Business IT - Technology

In a recent whitepaper he writes "Google also has a highly developed strategy to foreclose competition by forcing the commoditization of current and potential search complement products/services. Under the ostensible cover of 'innovation,' Google funds a host of free search complement products/services that are designed to either commoditize the complement, drive competitors out of business, or force them into the Google 'partnership' orbit. 

"Tellingly, Google makes little effort to monetize these services that are often released in beta, with little interest or effort expended in making these products/services profitable. The most obvious predatory price in competition is free, especially when the price remains free indefinitely with no plans to turn these products/services into revenue producing units. Pro-competitive 'loss leaders' eventually lead to revenues and profits. There is precious little business effort by Google on this front. Why would a company continually innovate and indefinitely cross-subsidize products/services that have real costs – for free -- unless the real motive is to foreclose competition?

"More specifically, Google is expending surplus market power to create an adjacent 360° noprofit zone around Google by predatory free pricing and cross-subsidization of search complement products/services like: Checkout, Google Health, Android, YouTube, Blogger, Reader, News, Earth, Desktop, Calendar, Docs, Gmail, Social networking, photos, Translate, GOOG-411 etc."

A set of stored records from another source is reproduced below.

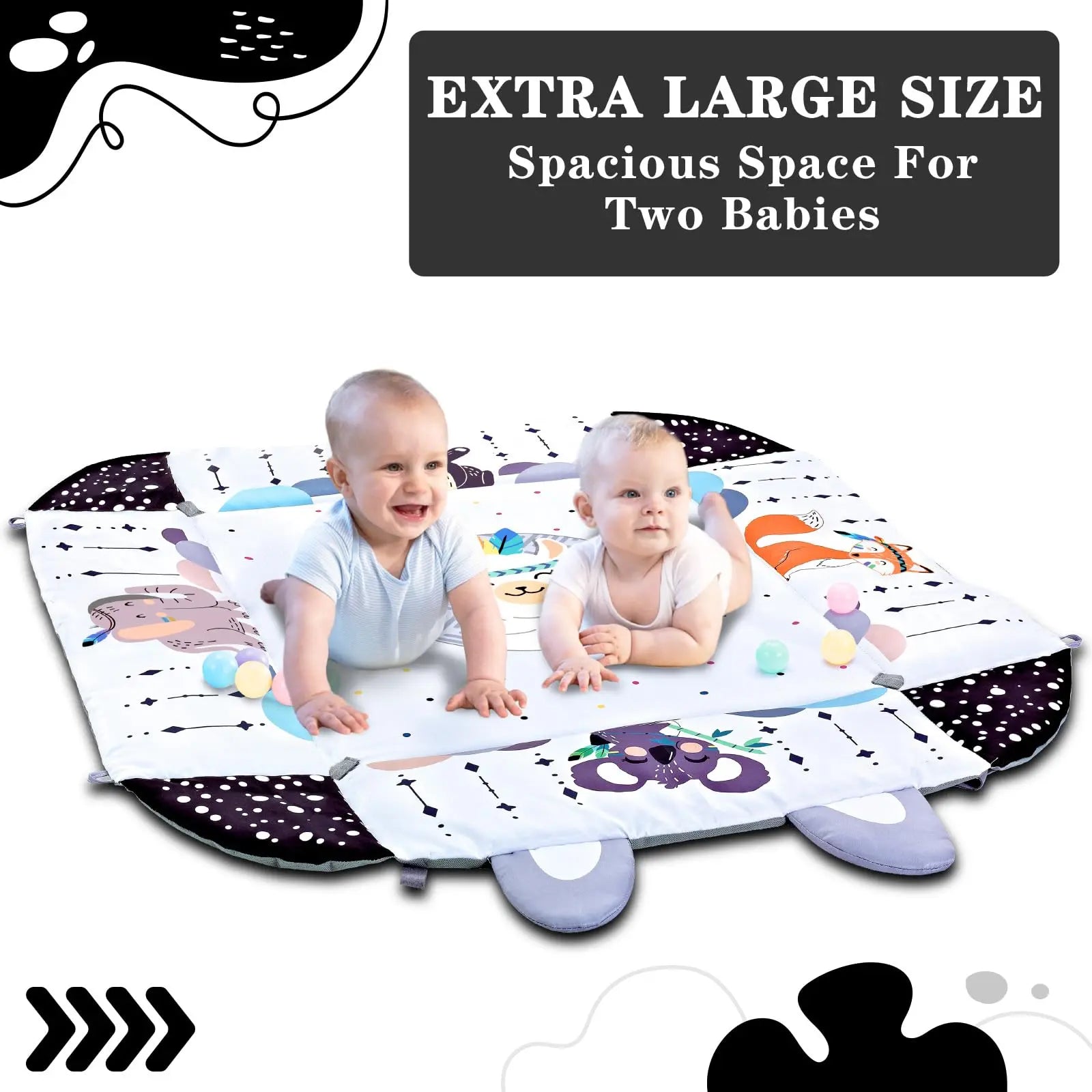 TFDER Baby Gym Play Mat, 8-in-1 Tummy Time Mat & Activity Gym, Washable Ball Pit, Infant Play Mat with Detachable Toys for Sensory Exploration and Motor Skill Development
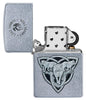 Anne Stokes Wolf design Street Chrome windproof lighter with its lid open and not lit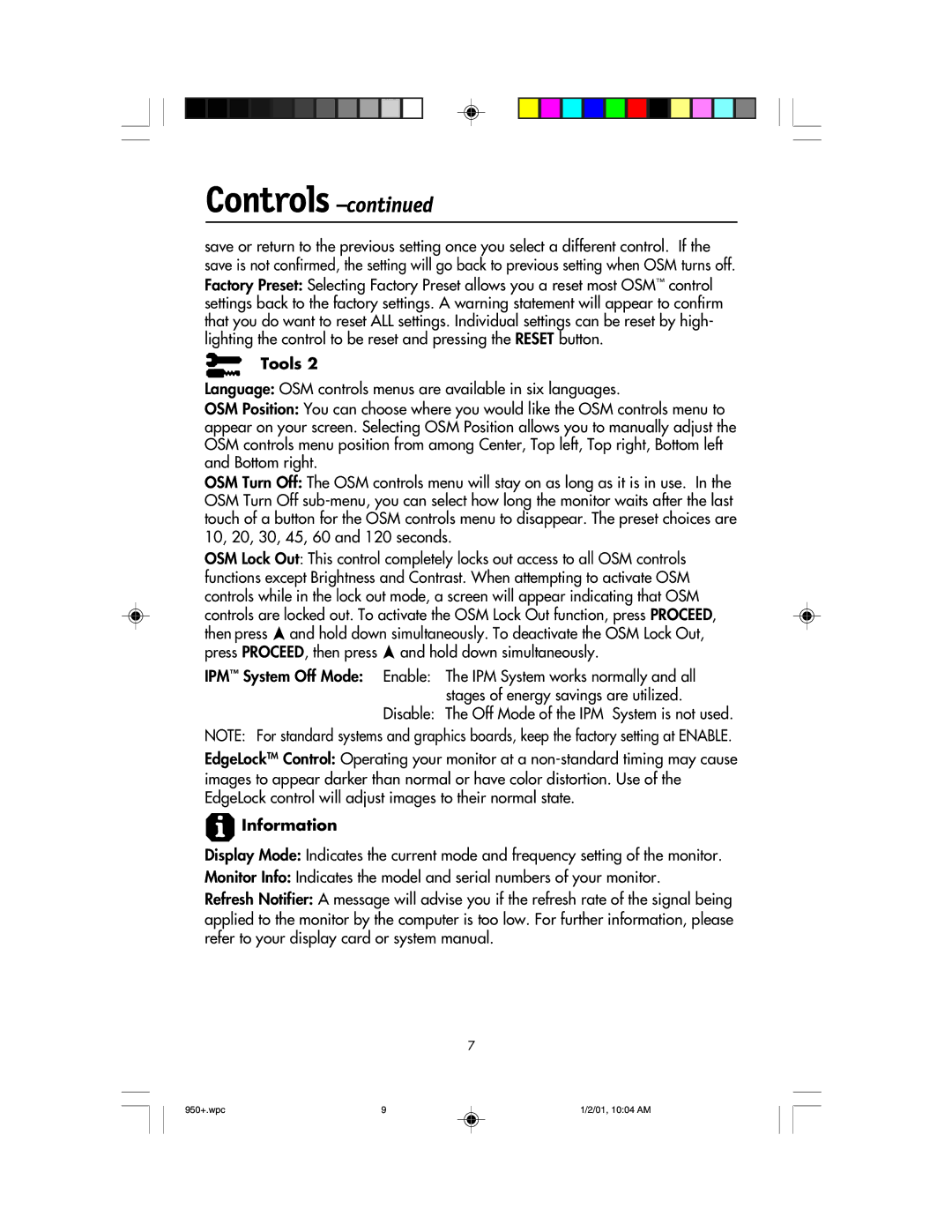 NEC FE950+ user manual Information 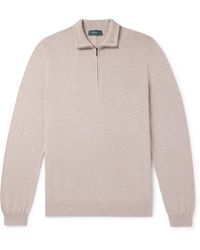 Slowear - Zanone Slim-Fit Cotton Zip-Up Sweater - Lyst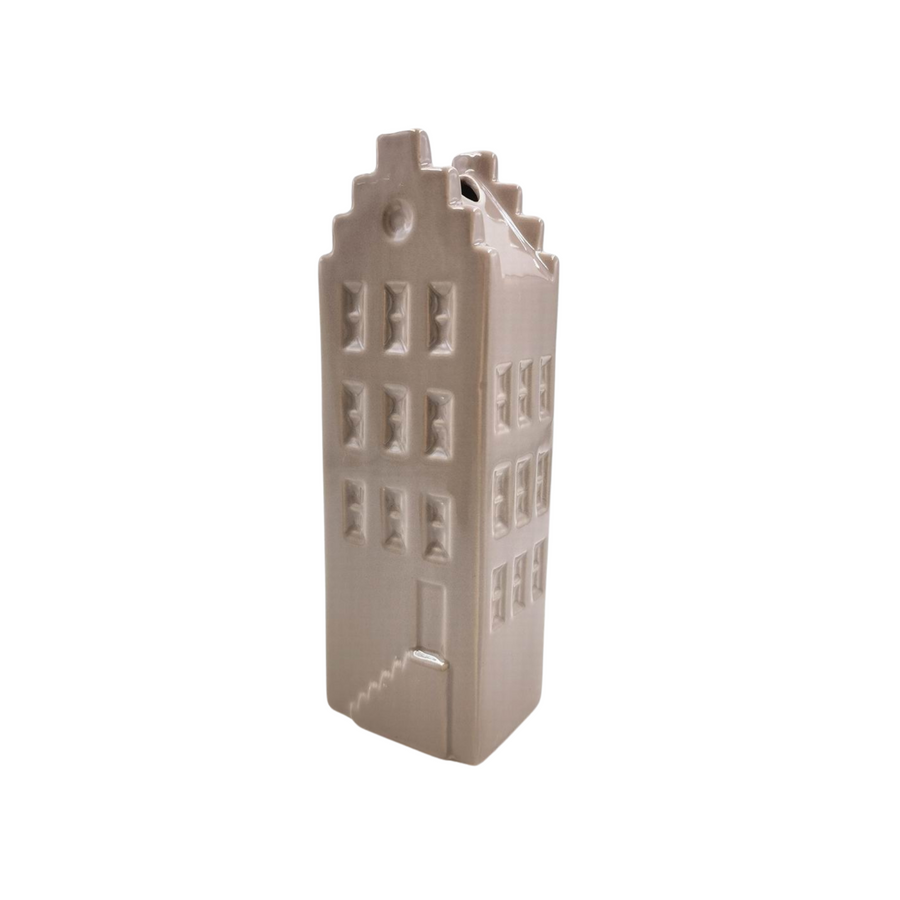 Bloemenvaas - Huis Vaas- Keramiek -Taupe - 7,5x6x23 cm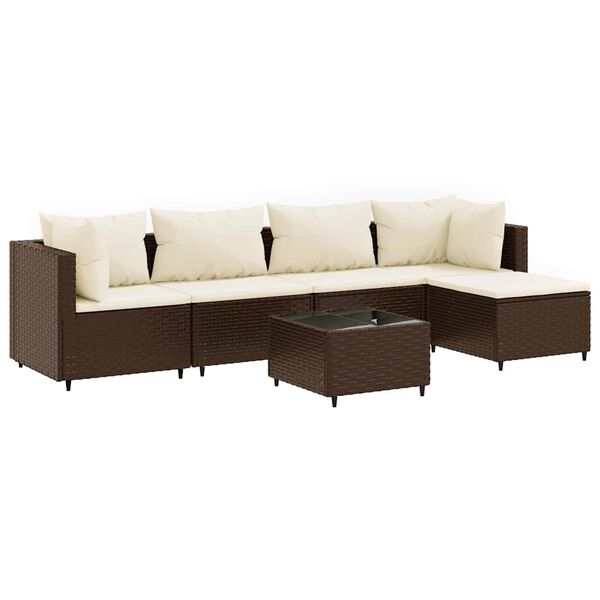 vidaXL 6 Piece Garden Lounge Set with Cushions Brown Poly Rattan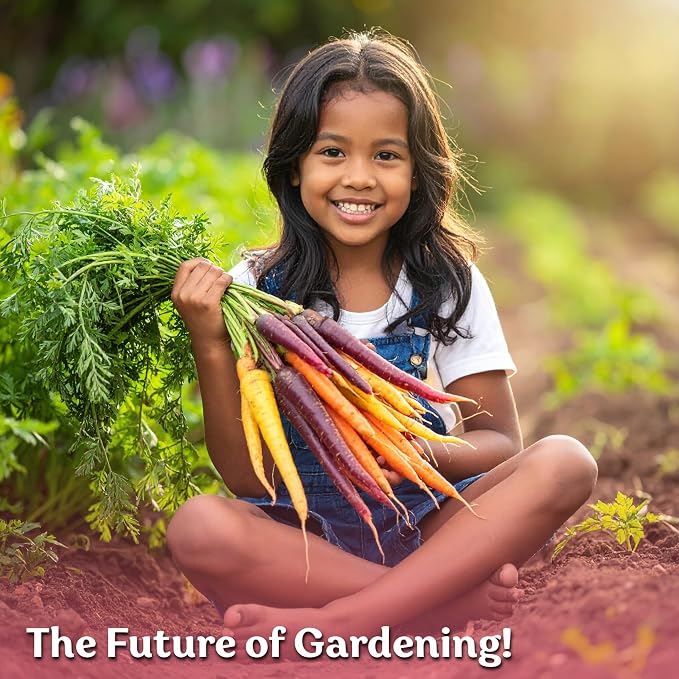 KVITER 1,000 Rainbow Carrot Seeds (Daucus Carota) - Baby Carrots Mix, Sweet & Tender Taste - Heirloom & Carrots Seeds for Planting in Vegetable Garden, Raised Beds & Containers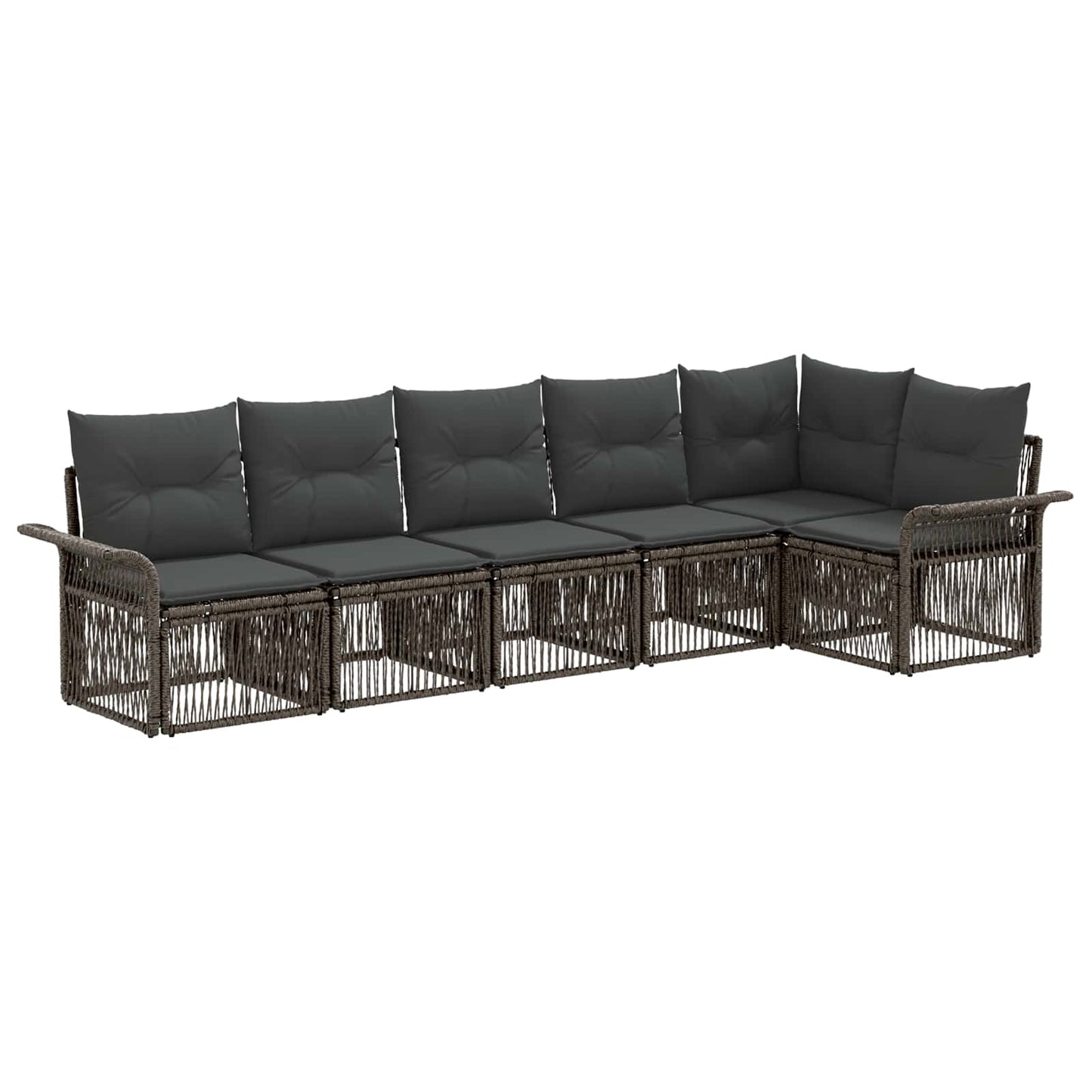 Tuinbankenset 6 pcs Grijs poly rattan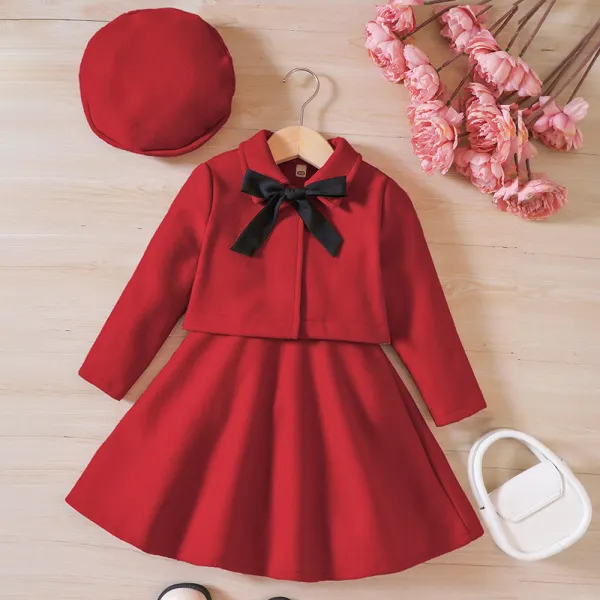 【18M-6Y】3-Piece Girls Red Tweed Sleeveless Dress And Jacket Set With Hat - Popopieshop.com 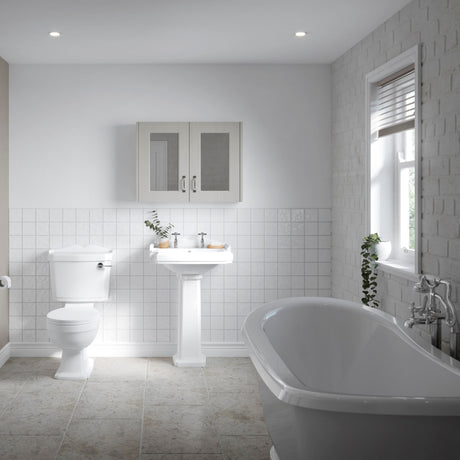 Nuie Legend 590mm 2 Tap Hole Ceramic Basin & Pedestal – White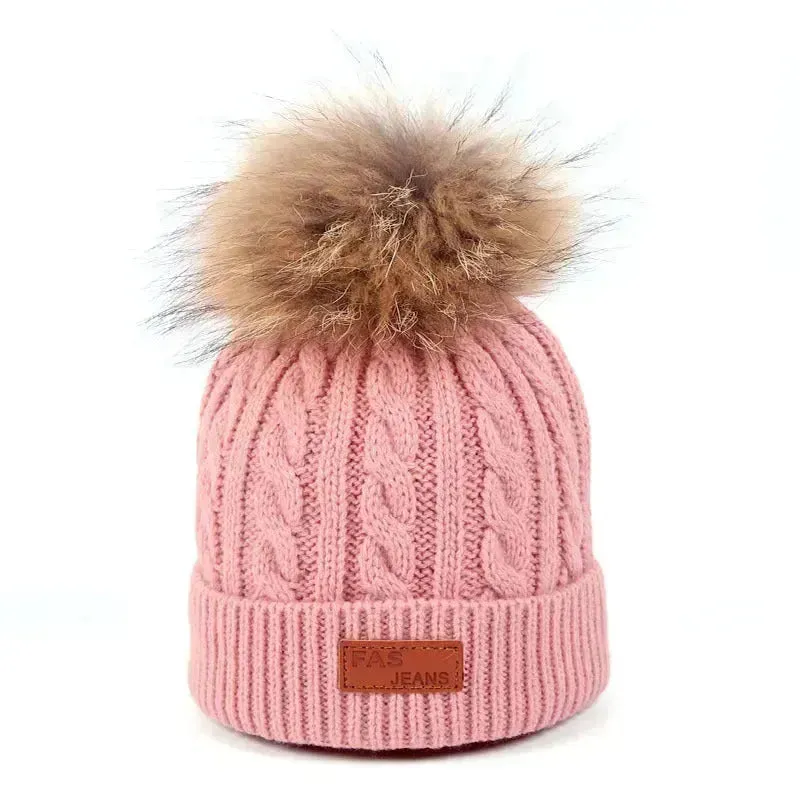 Children Winter Hat kids beanies Kids winter hat baby boy and girl warm woolen beanies faux fur beanies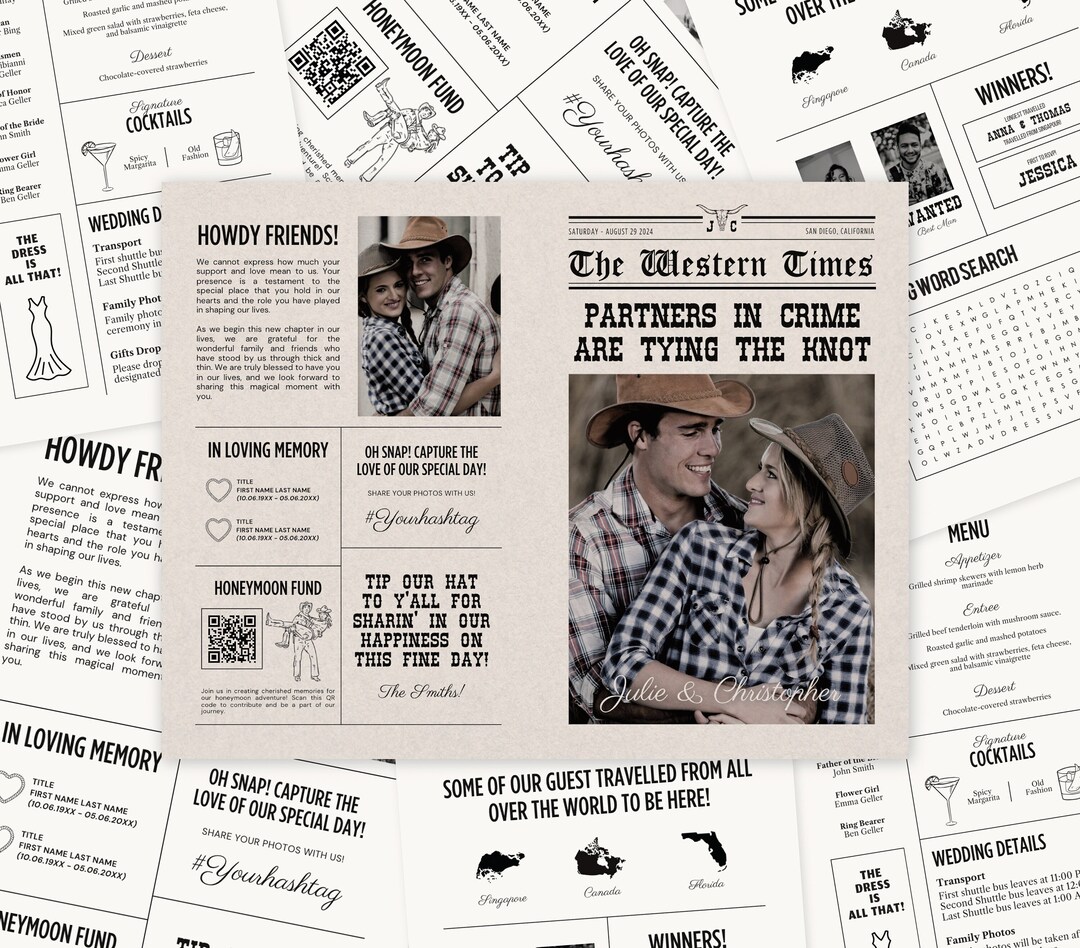 Western Program Applaince Western Wedding Program Printable Wedding Newspaper Print Custom ...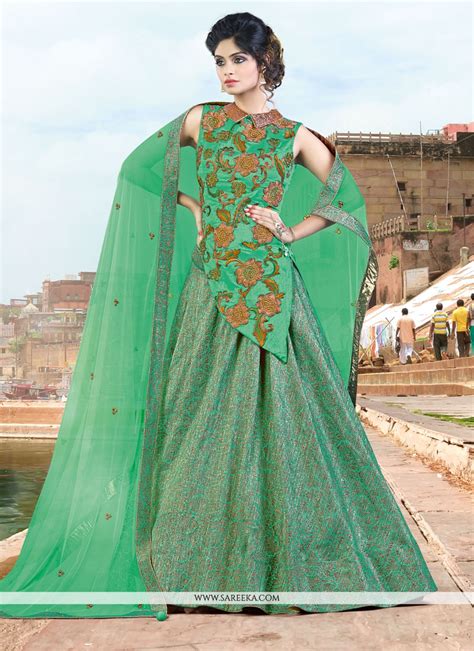 Buy Jacquard Silk Sea Green Embroidered Work A Line Lehenga Choli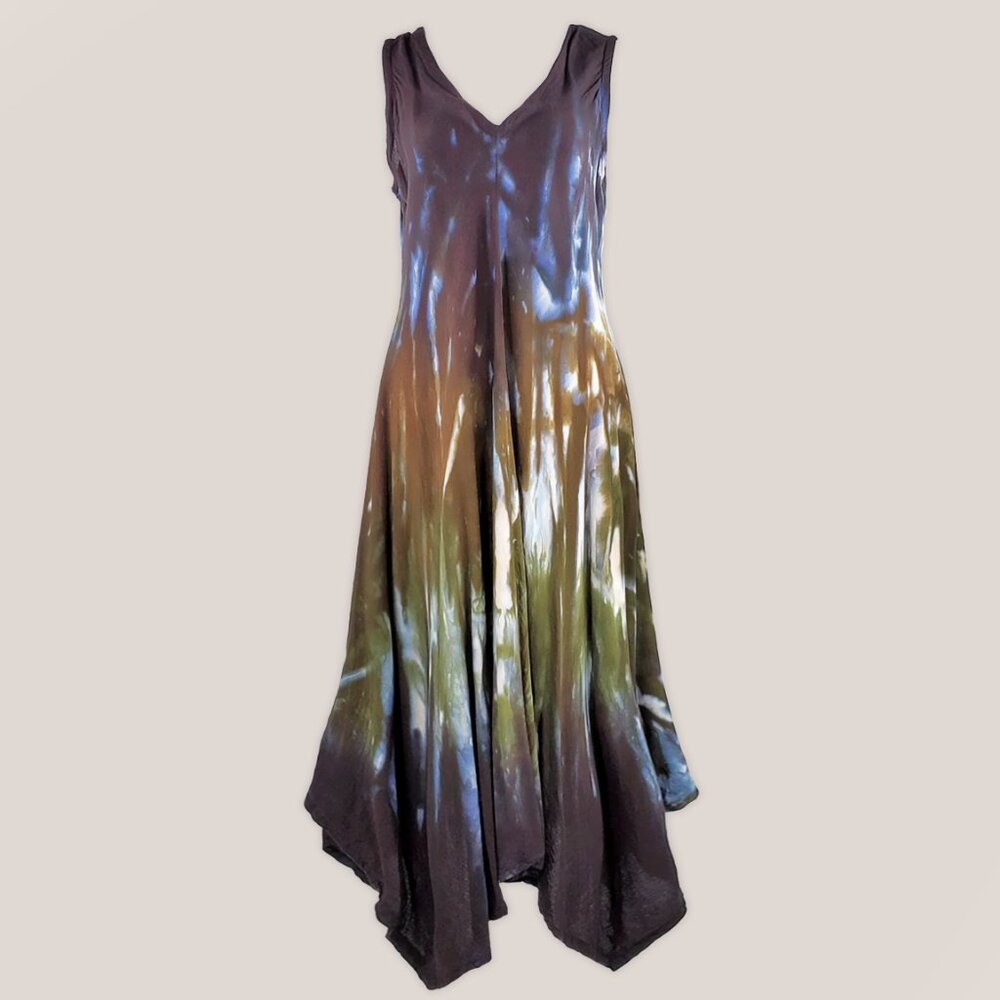 Lorelei Tie Dye Dress in Tan Green Black | Hand-Dyed Fae Dress Asymmetrical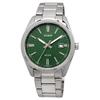 Casio MTP-1302DA-3AV Men's Analog Quartz Watch, Silver Metal Band, Green Textured Dial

The final comment rests with Bottin Cartographes' lawyer, Jean-David Scemama; "Google is ruining the market, their strategy is to capture the market and squeeze out the competition by creating a monopoly for itself."

I guess that would make sense if they could find a way to extract copious amounts of revenue from the products once the competitors were gone, but as Dana Wagner noted earlier, that's going to be neither easy or likely.

Google Australia declined iTWire's request to comment on this story.